The most common answer (that it is needed to fight terrorism) can only be at most partially true. I have long felt that the terrorist threat was not an end in itself but a means to an end, a way to scare people into acquiescing to giving the government more power. But even conceding the argument for the moment, the law of diminishing returns suggest that beyond a certain point, the vast amount of people and expenditure that is required to collect and store all this information results in only marginally greater safety.
After all, if this system is so powerful as a danger detection and prevention device, how come it missed the Boston bombers? Assuming that the Tsarnaev brothers are the guilty people, they do not strike one as criminal masterminds who would have had the knowledge and skill to carefully hide their tracks. One suspects that they were using their phones and email and Facebook and all the other things that the NSA has been collecting and analyzing. And yet their plans were not anticipated.
I suspect that another part of the reason for the growth of the surveillance system is simply the internal imperative driven by technology. As technology and computing power grows, it seeks ways to be utilized. There are always people pushing at the boundaries trying to find new ways to apply it. The catch is always money and what the dimmest bulb has long realized is that all that you have to do is shout ‘terrorism!’ and the government will throw money at you with no questions asked and, even better, with little or no accountability or public debate. So it does not surprise me that all these powerful new technologies are being used in the service of allegedly fighting terrorism. It is a cash cow that is easily milked.
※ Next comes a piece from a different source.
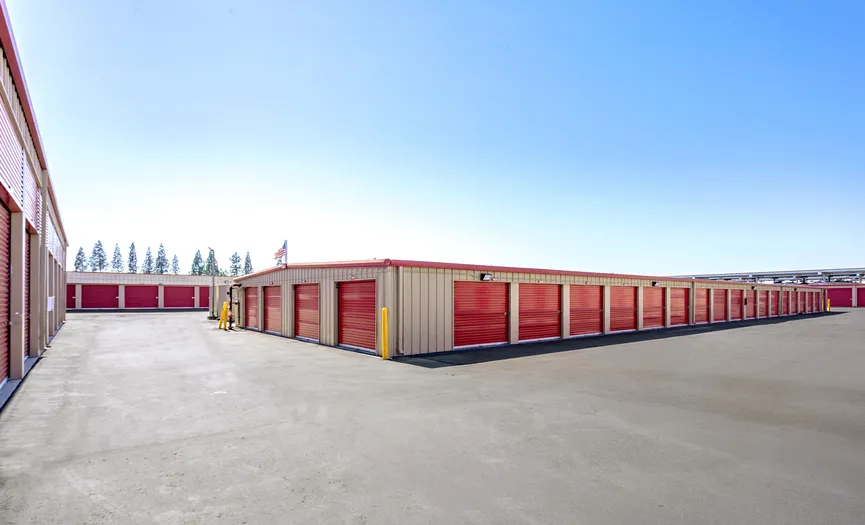 Outdoor drive-up storage units at a secure storage facility in Fairfield near Highway 12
But those are the most benign reasons. The more sinister one is that the more information the government has on you, the more power it has over you. One of the worst arguments used in support of the excessive surveillance powers of the national security state is when people say that “If you have nothing to hide, then you have nothing to worry about”. This was recently advanced by the British Foreign Secretary and senator Lindsey Graham. This argument is pernicious because it is used to inhibit opposition by implying that the people who oppose the policy may be having something to hide. It is an attempt to intimidate dissenters.
The point is that all of us have something to hide for a myriad of reasons. And all of us are criminals, even if we do not consciously break laws. We live in a world of complicated laws that we unwittingly break all the time. If you use the internet at all, the chances are that you have broken laws. If you have ever used your office phone for a personal call or used the office computer for non-work related activities, you have committed an offense for which you could be fired.
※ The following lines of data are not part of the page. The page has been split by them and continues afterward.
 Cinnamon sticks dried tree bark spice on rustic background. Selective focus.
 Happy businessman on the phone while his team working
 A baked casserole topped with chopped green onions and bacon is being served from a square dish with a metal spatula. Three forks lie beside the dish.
The reason that having the government keep a complete dossier over you is bad is that if your name comes to the attention of the government for any reason whatsoever, say for expressing political opinions that it feels are dangerous, all it has to do is to troll through its data cache and find something that is illegal or even just embarrassing and they have a weapon over you. In the past, they would have to observe you after your name came up. Now they don’t have to bother. They can just go back and see what you did before they were aware of your existence.
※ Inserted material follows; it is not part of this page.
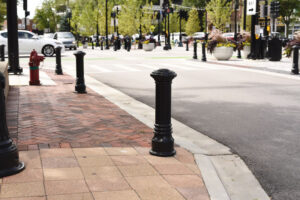 Classically shaped bollards line an attractive town square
Take a simple example. It turns out that whistleblower Edward Snowden contributed to Ron Paul’s campaign and may have libertarian instincts. If the government now thinks that such people may be security risks, they can simply go through people’s stored data and refuse to hire anyone whose profile suggests that they might be a possible danger. And the job applicant would have no idea why they were not hired.
This is why another bad argument excusing the NSA surveillance state is that since Google and Facebook have so much information on you, what is the harm in the government having it too? Isn’t it preferable for them to have it since they are not using it to make a profit but to protect the country? The catch is that the government has much more punitive power than private companies. The private companies want to make money. They have no incentive to get you fired from your job or to put you in jail. The government has the power to really affect your life.
I think that all this data gathering serves mainly as a long-term insurance policy for the oligarchy. I think the government-oligarchy axis is well aware that the increasing concentration of wealth in an ever-smaller number of people is likely to lead to greater unrest in the future. They need to be able to monitor people in order to nip in the bud any sign of organized protest that might emerge before it gets too large. Things like the Occupy Wall Street movement created real alarm in the ranks of the oligarchy because it took direct aim at the root cause of the problem in the country. (In future posts I will give some examples of how Occupy protestors across the nation have been infiltrated and targeted so that they could not organize to protest the power of Wall Street.)
The classic case of an overarching government surveillance state was the secret police called the Stasi in East Germany, so well portrayed by that excellent film The Lives of Others. The whole point of the Stasi was to keep tabs on any people who may get uppity ideas about freedom and democracy and prevent them from being catalysts of change that might challenge the existing order. That goal has not changed with the current situation. What has changed is that the US government now has powers that would have been beyond the wildest dreams of the Stasi.